Required work:
Repeat the data that follows in full. Do not include the pictures.

Dataset extract:
┄┄┄┄┄┄┄┄┄┄┄┄┄┄┄┄┄┄┄┄
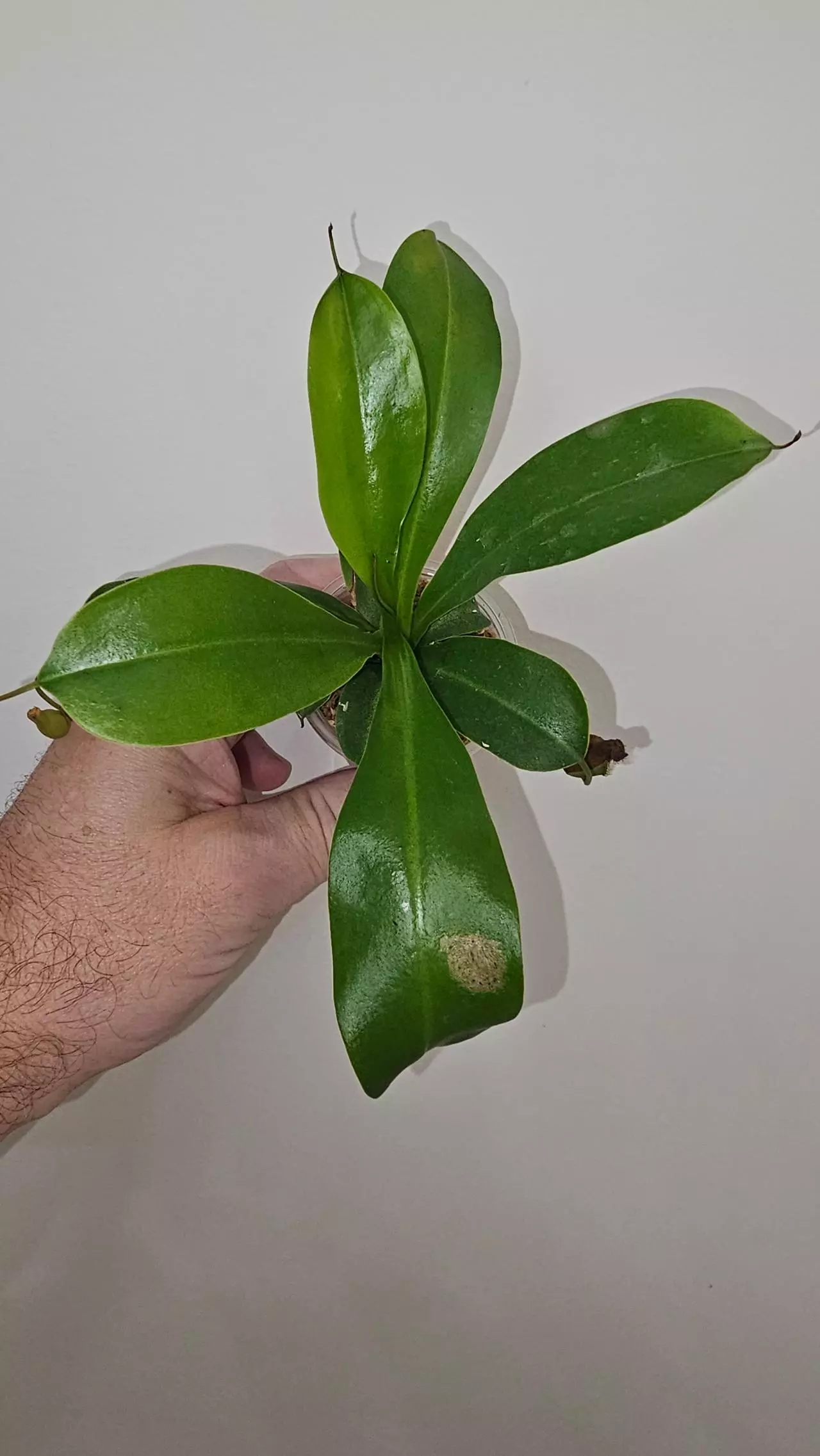 plant/Nepenthes Alata - Carnivorous-2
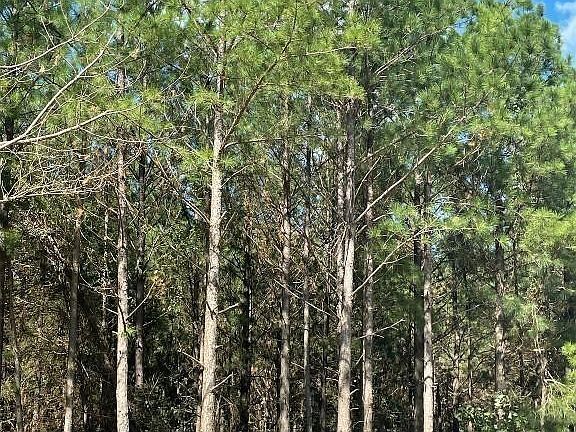 3rd image of 399 Camp Ranch Rd #91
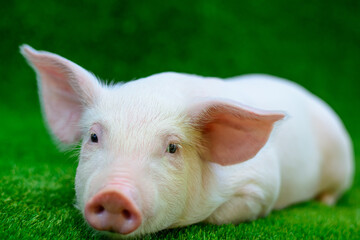 Piglet lying on green grass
┄┄┄┄┄┄┄┄┄┄┄┄┄┄┄┄┄┄┄┄
Task result:
 plant/Nepenthes Alata - Carnivorous-2
 3rd image of 399 Camp Ranch Rd #91
 Piglet lying on green grass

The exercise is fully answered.